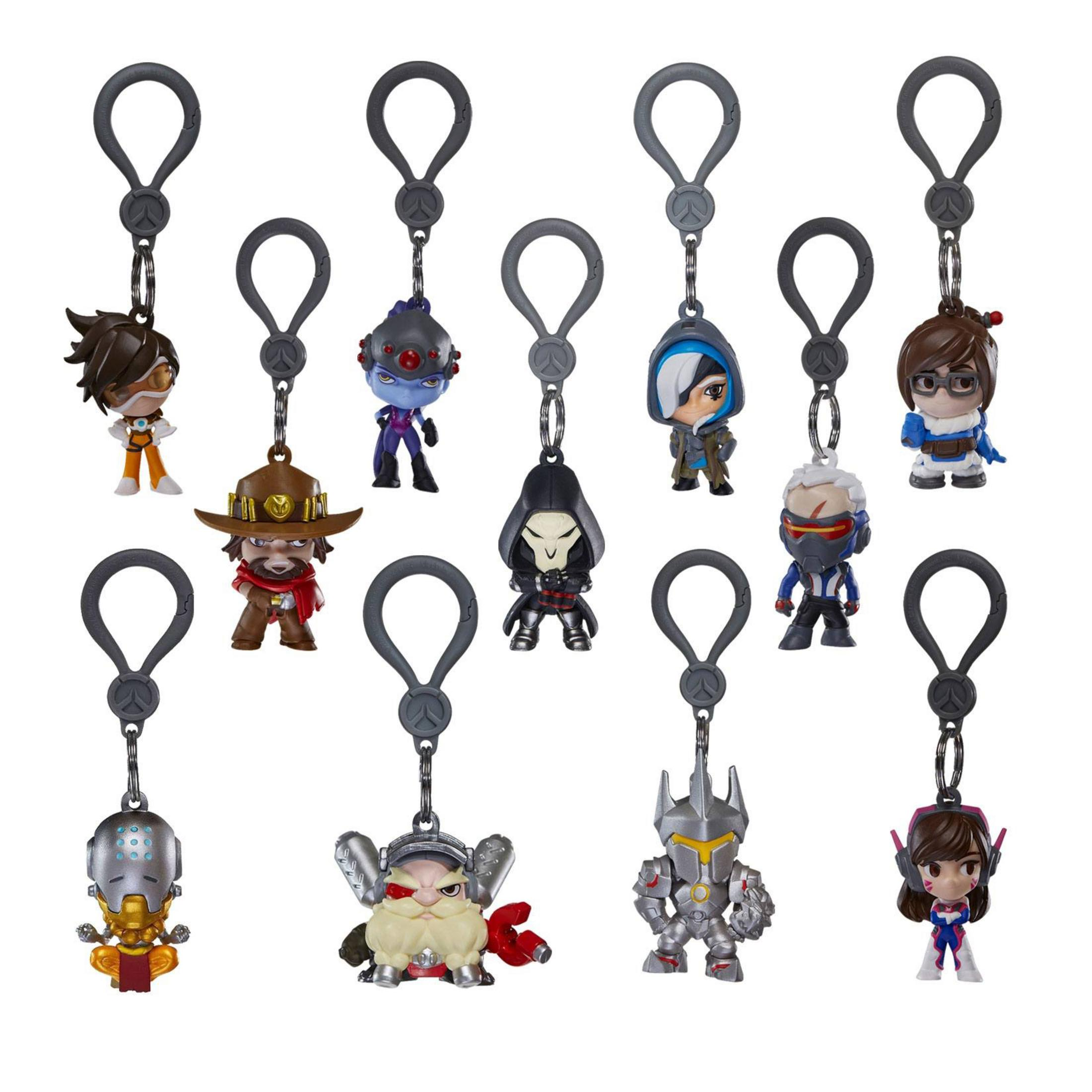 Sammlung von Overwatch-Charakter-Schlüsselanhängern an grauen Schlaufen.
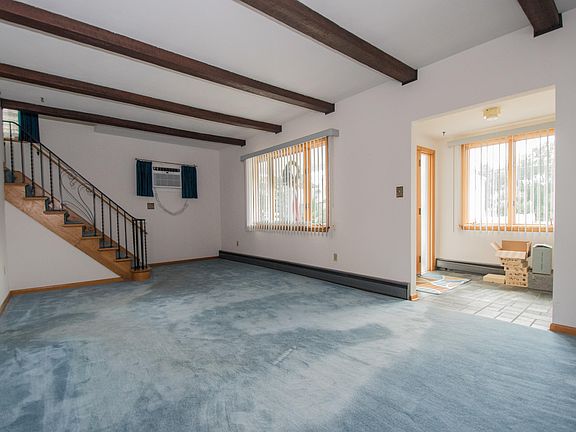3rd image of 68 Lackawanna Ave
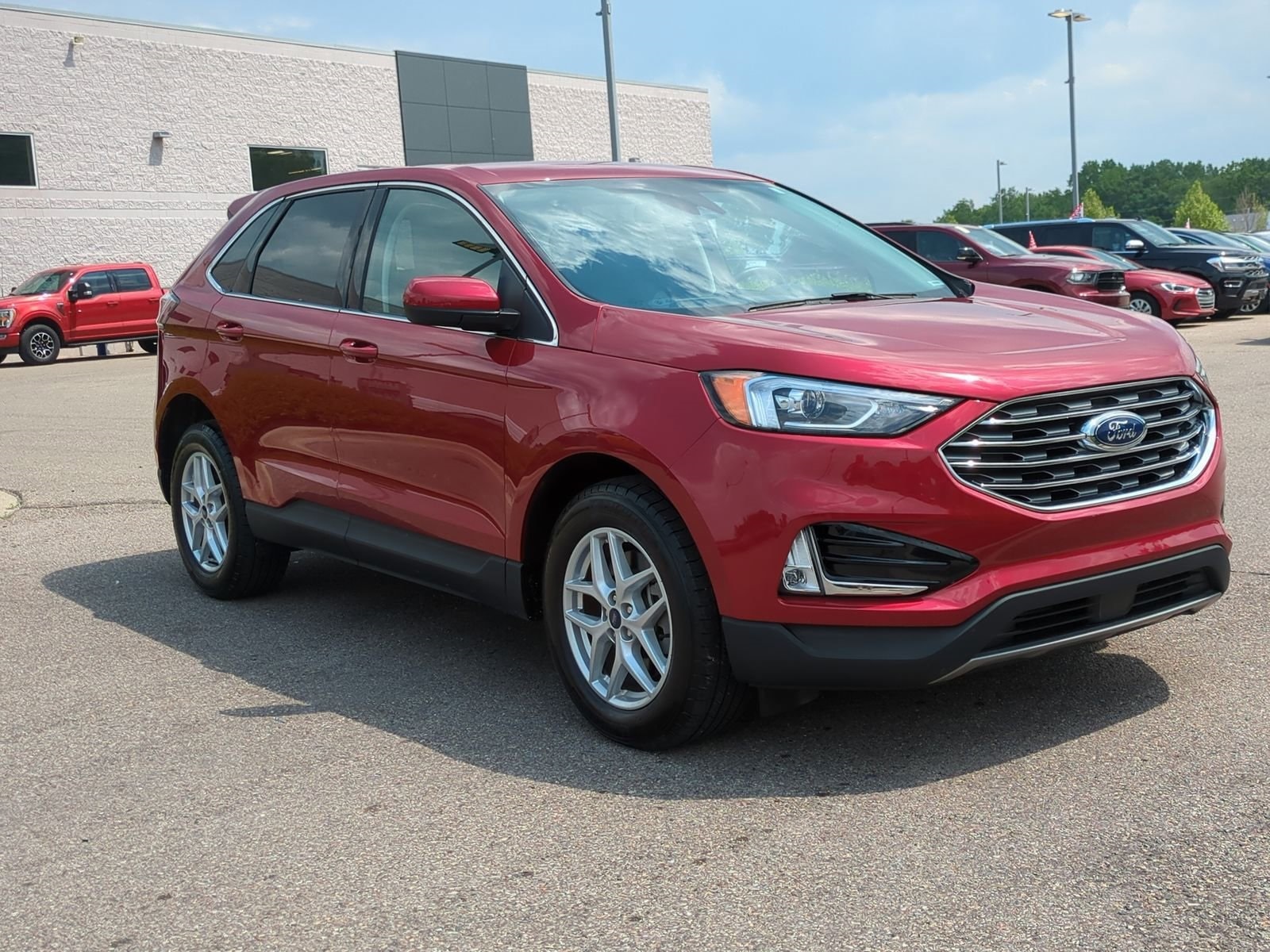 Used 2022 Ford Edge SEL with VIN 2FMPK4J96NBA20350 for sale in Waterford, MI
---
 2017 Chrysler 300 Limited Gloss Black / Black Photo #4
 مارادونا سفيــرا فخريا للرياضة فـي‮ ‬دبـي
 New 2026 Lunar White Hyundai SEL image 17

#### Directions for this task
Within the listing above, find the line containing "3rd image of 68 Lackawanna Ave" and the line containing "Used 2022 Ford". Transcribe them and everything between them exactly, leaving out the pictures.

#### Task answer
3rd image of 68 Lackawanna Ave
 Used 2022 Ford Edge SEL with VIN 2FMPK4J96NBA20350 for sale in Waterford, MI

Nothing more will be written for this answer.